How to do it
Select the main map icon for ground pressure.
You will see a color pressure map, isolines and pressure information in the pressure feature.
The pressure isoline and information about the pressure level or below is also visible on other maps. You can set this visibility in "setup/still show isobars"
How do pressure systems affect our flying?
Pressure systems, such as high-pressure and low-pressure systems, do affect thermal paragliding due to their impact on weather conditions and air currents. The following factors may be relevant to thermal paragliding depending on the pressure systems:
High-pressure systems: In areas with high atmospheric pressure (anticyclone), it is typically associated with clear and calm weather. These conditions can result in less thermal activity. It may be more challenging to find strong thermal updrafts, and flying may be more influenced by atmospheric stability.
Low-pressure systems: In areas with low atmospheric pressure (cyclone), there is often associated with unstable weather conditions that can support the development of thermal updrafts. Low-pressure systems can lead to the formation of thunderstorms, which can provide strong thermal currents but may also be associated with unfavorable conditions for safe flying.
Frequency and intensity of thermals: The presence of pressure systems can influence the frequency and intensity of thermal updrafts. In areas with a high-pressure system, there may be less thermal activity and a lower number of thermal updrafts. Conversely, in areas with a low-pressure system and unstable conditions, there may be stronger thermal currents and a higher frequency of thermals.
It is important to monitor current weather conditions, weather forecasts, and consult with local pilots or paragliding instructors familiar with local pressure system influences. Safety is always a priority when engaging in any flight activity, so it is crucial to adapt plans and activities to the current weather conditions.
Explanation of the formation of pressure systems
(high-pressure systems and low-pressure systems) near the Earth's surface:
High-Pressure System Formation: A high-pressure system, also known as an anticyclone, is an area of atmospheric pressure that is higher than its surrounding areas. Here's how a high-pressure system forms:
Subsidence: High-pressure systems often develop due to the process of subsidence. Subsidence occurs when air from higher altitudes sinks toward the Earth's surface. As the air descends, it undergoes compression, which leads to an increase in atmospheric pressure.
Clear Skies: High-pressure systems are typically associated with clear skies and fair weather conditions. As the descending air sinks, it warms and becomes more stable. This stability inhibits the formation of clouds and precipitation, resulting in generally dry and calm conditions.

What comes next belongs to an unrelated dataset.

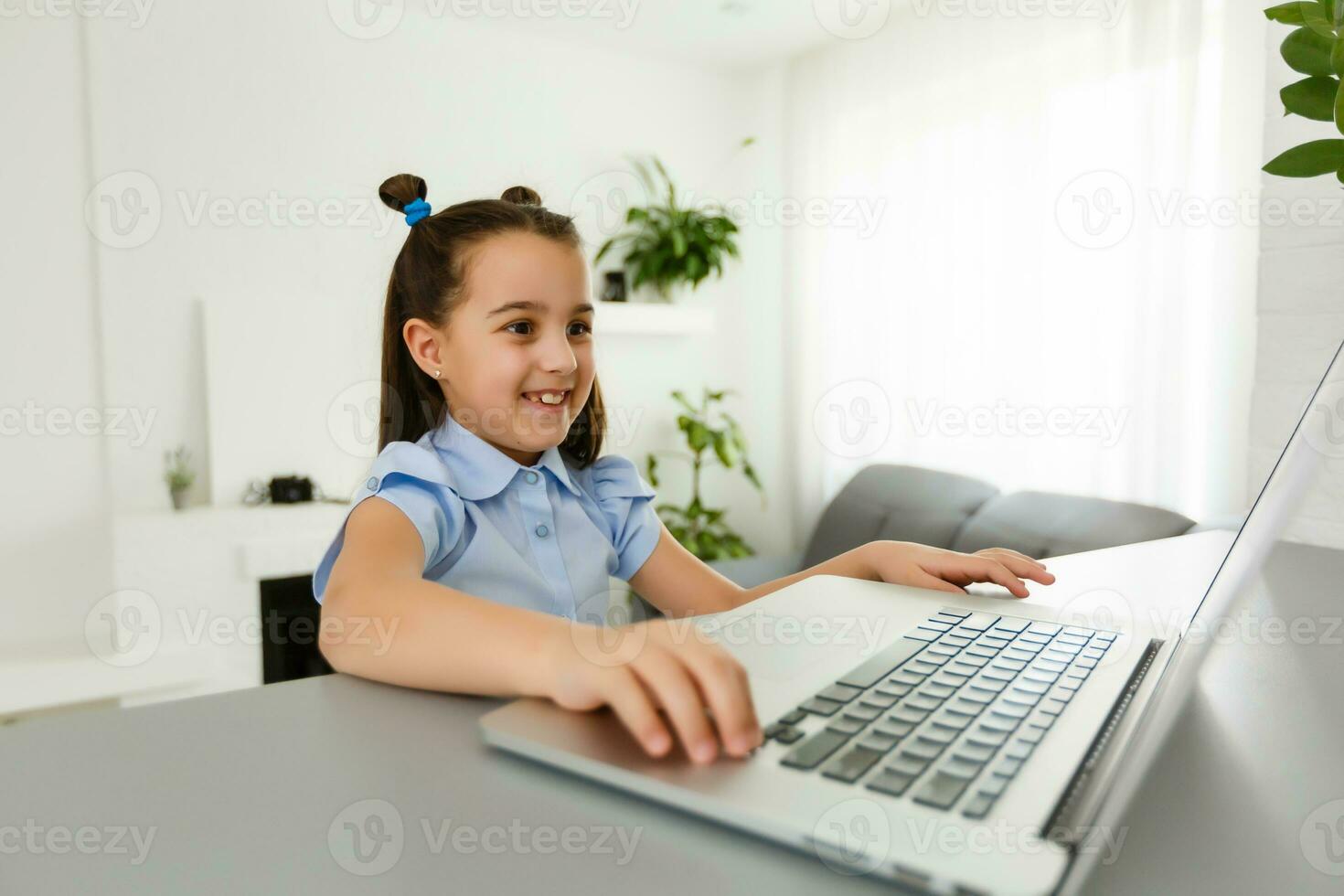 Pretty stylish schoolgirl studying homework math during her online lesson at home, social distance during quarantine, self-isolation, online education concept, home schooler photo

Diverging Winds: The descending air in a high-pressure system causes the air to diverge or spread out horizontally. This divergence leads to the clockwise rotation of winds in the Northern Hemisphere (counterclockwise in the Southern Hemisphere) around the high-pressure center.
Low-Pressure System Formation: A low-pressure system, also known as a cyclone, is an area of atmospheric pressure that is lower than its surrounding areas. Here's how a low-pressure system forms:
Convergence and Vertical Uplift: Low-pressure systems often form due to the convergence of air masses at the Earth's surface. When air masses with different characteristics (temperature, humidity, etc.) meet, they can't easily displace each other. Instead, they are forced to rise vertically, leading to the formation of a low-pressure area.
Rising Air and Cloud Formation: As the air rises within a low-pressure system, it cools and expands. This cooling causes water vapor in the air to condense, forming clouds and potentially leading to the development of precipitation.
Convection and Circulation: The rising air within a low-pressure system creates an area of low atmospheric pressure. Surrounding air flows inward toward the low-pressure center, resulting in counterclockwise rotation of winds in the Northern Hemisphere (clockwise in the Southern Hemisphere).
Weather Instability: Low-pressure systems are often associated with unstable weather conditions, including cloudiness, precipitation, and potential storm development. The rising air within the low-pressure system provides the necessary conditions for cloud formation and atmospheric instability.
It's important to note that pressure systems are dynamic and constantly changing due to various atmospheric factors. High-pressure and low-pressure systems play a significant role in weather patterns and can influence the movement of air masses and the development of weather systems.
This explanation provides a simplified overview, and the actual processes involved in pressure system formation can be more complex and influenced by additional factors.